Enterprise AI procurement drifts towards lock-in. Standardise on one provider’s API and you integrate its token format, tool-calling conventions and latency profile into every workflow; switching costs compound with each deployment. For regulated firms, that dependency is not only commercial — under operational-resilience rules such as DORA, single-provider concentration is a supervised risk.

AXA, Europe’s largest insurer, has taken a deliberate counter-position. The group has disclosed more than sixty agentic-AI use cases in testing or partial production across contact centres, underwriting and claims, alongside an in-house governed environment that cut the time to assimilate underwriting guidance from around ten minutes to under three per query. The strategic decision, though, is architectural: AXA is pursuing multi-vendor, multi-model deployment with the explicit aim of staying as independent as possible in its AI supplier relationships.

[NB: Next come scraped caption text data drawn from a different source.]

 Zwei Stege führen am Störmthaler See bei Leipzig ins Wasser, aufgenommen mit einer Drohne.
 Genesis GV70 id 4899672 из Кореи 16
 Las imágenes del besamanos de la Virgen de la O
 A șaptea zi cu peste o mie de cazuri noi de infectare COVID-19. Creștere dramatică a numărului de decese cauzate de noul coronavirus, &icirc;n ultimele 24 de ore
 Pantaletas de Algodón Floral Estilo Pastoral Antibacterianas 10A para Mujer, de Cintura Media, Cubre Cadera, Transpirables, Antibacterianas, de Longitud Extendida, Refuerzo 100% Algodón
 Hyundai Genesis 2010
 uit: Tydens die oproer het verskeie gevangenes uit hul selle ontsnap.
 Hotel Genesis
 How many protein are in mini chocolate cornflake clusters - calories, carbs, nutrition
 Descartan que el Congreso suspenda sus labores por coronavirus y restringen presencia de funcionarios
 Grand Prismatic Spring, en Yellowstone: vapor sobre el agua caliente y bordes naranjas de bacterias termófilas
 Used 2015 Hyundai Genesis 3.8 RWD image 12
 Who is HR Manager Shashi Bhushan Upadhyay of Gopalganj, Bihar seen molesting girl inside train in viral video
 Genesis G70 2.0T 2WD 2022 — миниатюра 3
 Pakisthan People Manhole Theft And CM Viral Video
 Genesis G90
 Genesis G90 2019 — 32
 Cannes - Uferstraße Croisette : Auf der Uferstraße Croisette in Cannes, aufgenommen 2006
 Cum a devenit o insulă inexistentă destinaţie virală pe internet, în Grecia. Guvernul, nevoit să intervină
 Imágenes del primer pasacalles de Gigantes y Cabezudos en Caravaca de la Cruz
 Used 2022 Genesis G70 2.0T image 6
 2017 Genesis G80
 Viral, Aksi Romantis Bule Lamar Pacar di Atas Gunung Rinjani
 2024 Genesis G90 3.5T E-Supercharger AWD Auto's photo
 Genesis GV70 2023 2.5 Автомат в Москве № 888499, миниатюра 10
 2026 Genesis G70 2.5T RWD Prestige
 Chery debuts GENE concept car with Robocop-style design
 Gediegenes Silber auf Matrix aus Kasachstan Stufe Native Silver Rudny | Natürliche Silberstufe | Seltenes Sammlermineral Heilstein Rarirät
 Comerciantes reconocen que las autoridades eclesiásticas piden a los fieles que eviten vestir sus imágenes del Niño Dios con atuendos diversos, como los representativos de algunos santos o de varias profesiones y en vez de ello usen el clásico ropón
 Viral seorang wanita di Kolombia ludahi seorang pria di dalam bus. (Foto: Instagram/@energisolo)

The lesson is not which model to choose

For FINMA-regulated insurers and reinsurers, the takeaway is not a model recommendation but a design principle: architect for choice. Sovereign infrastructure that can run multiple open-weight models removes single-vendor dependency at the hardware layer. The institution switches models without switching infrastructure, and the supervisor sees a resilient, auditable supply chain with no single point of foreign-jurisdiction failure.

Vendor independence is not achieved by negotiating a better contract with one supplier. It is achieved by owning the layer underneath them.